I shall bind this summary at the end of my book so that my readers can understand the heresy properly from the beginning, and see why it is the foulest of all heresies. They may find that some of the things which they say themselves smack of Manicheism, and that St Augustine has discovered their secret thoughts.3

And how true those words are, even today, I reckon.


1. Paul of St-Pierre de Chartres, Gesta synodi aurelianensis, ed. M. Bouquet in J. B. Haudiquier and C. Haudiquier (edd.), Recueil des Historiens des Gaules et de la France X (Paris 1760, repr. 1874), pp. 536-539, transl. Robert I. Moore in idem, The Birth of Popular Heresy, Medieval Academy Reprints for Teaching 33 (Toronto 1995 (1st edn. 1975)), pp. 10-15, quote from p. 14.

2. Usually it’s a fairly friendly contest between Bede, Eriugena or Ekkehard of Aurach. Except when John of Salisbury is on my mind, because John of Salisbury was brilliant.

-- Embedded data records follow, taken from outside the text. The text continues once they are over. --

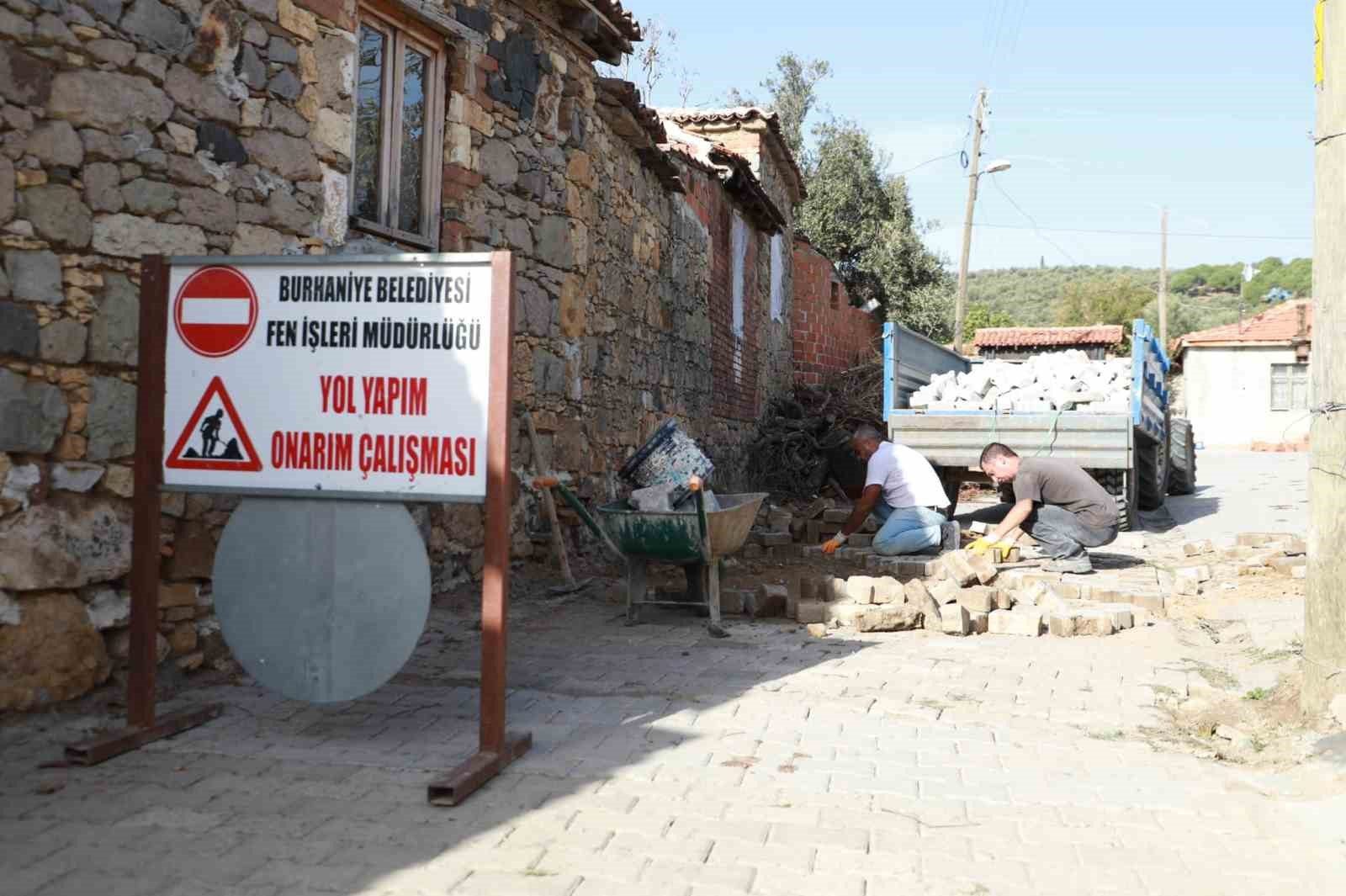 Yol yapım seferberliği Burhaniye’de devam ediyor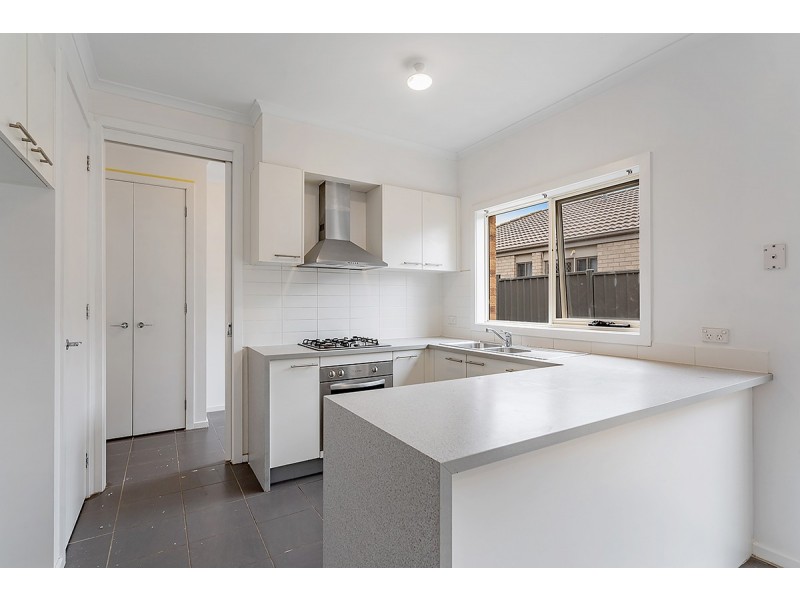 61 Kinglake Crescent, Craigieburn VIC 3064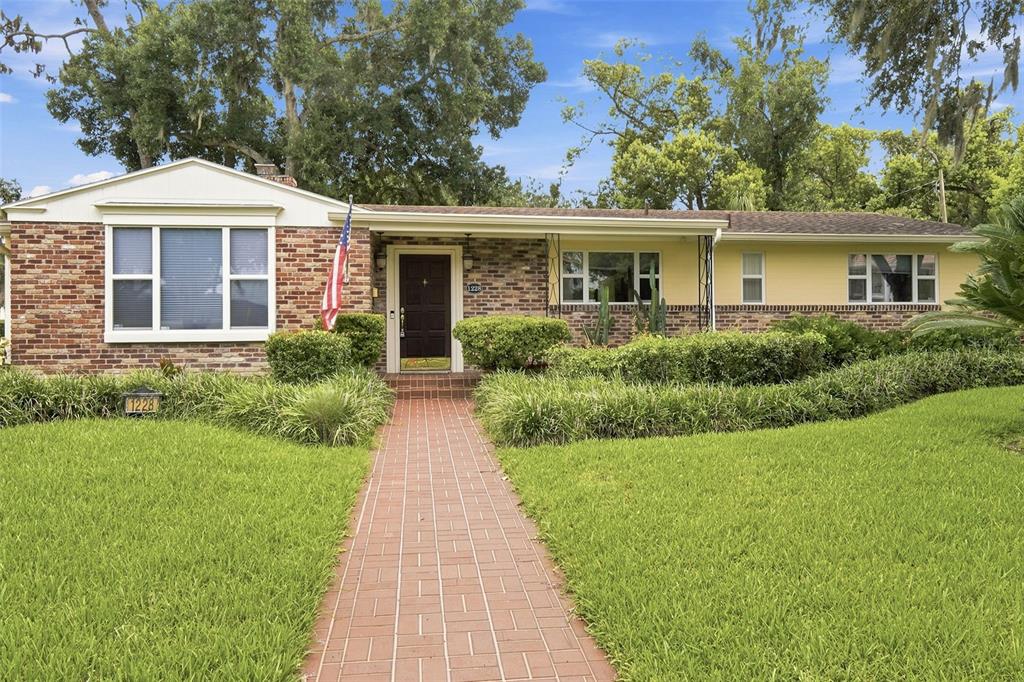 1228 SPRING LAKE DRIVE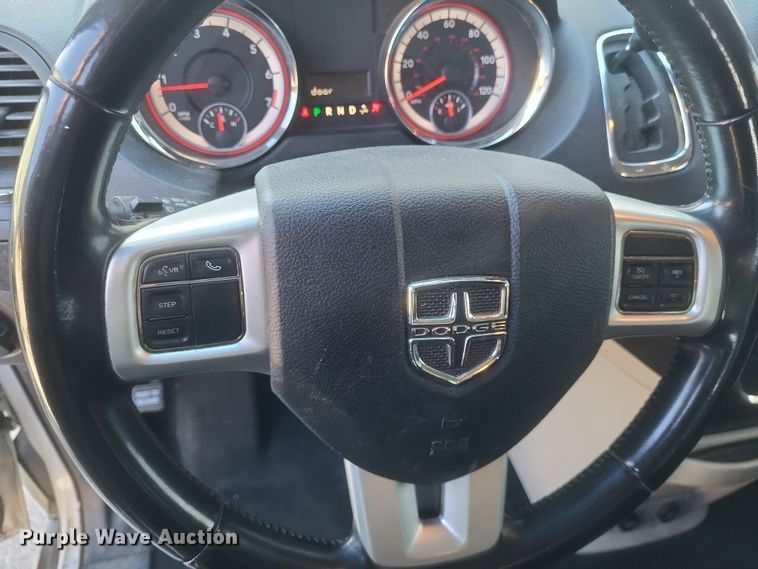 image for item MI9842 2014 Dodge Grand Caravan  van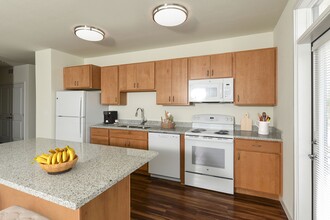 The Addie at Metro Center 55+ Apartments in Aurora, CO - Foto de edificio - Building Photo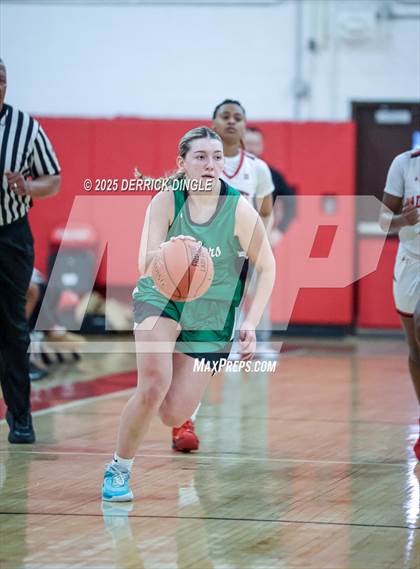 Thumbnail 3 in Farmingdale vs Freeport (Section 8 Class AAA Quartfinals) photogallery.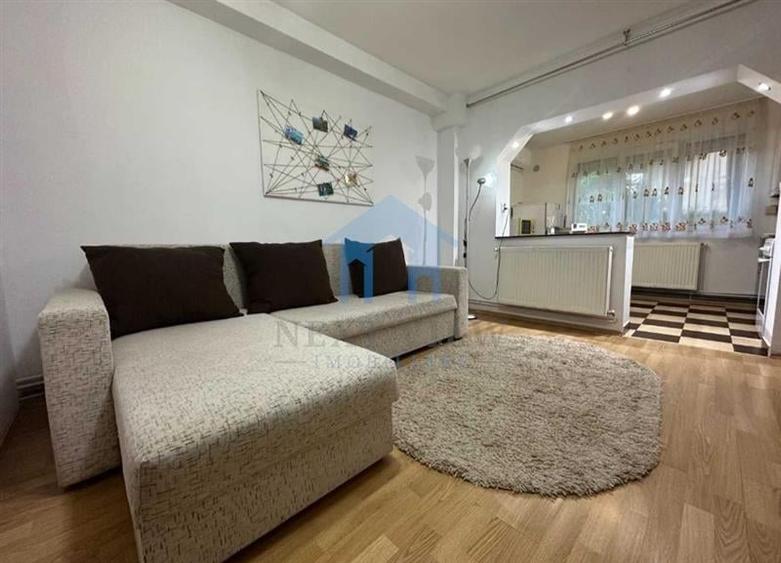 Garsoniera, Intre Lacuri - 1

Sadly my actual period and area of study mainly has pompous bishops and Gerbert of Aurillac, who was indubitably very clever but had the morals of a cat (i. e. would twirl round the legs of whomever fed him and purr appropriately), and so I find him hard to enjoy, and my medieval intellectual heroes therefore have to be imported from elsewhere and when.

3. Eckbert of Schonau, Sermones contra Catharos, ed. J.-J. Migne in idem (ed.), Beati Aelredi abbatis Rievallensis opera omnia, accedit Wolberonis abbatis s. Pantaleonis Coloniensis commentarium in Cantica. Intermiscentur Eckberti abbatis Schonaugiensis et sanctae Elisabeth sororis ejus germanae, Henrici archidiaconi Huntingdonensis, Odonis de Deogilo abbatis s. Dionysii, Bertrandi de Blancesfort templariorum magistri, scripta quae supersunt omnia, Patrologia cursus completus series latina CXCV (Paris 1855), cols. 11-21, transl. Moore in Birth of Popular Heresy, pp. 88-94, quote from p. 94.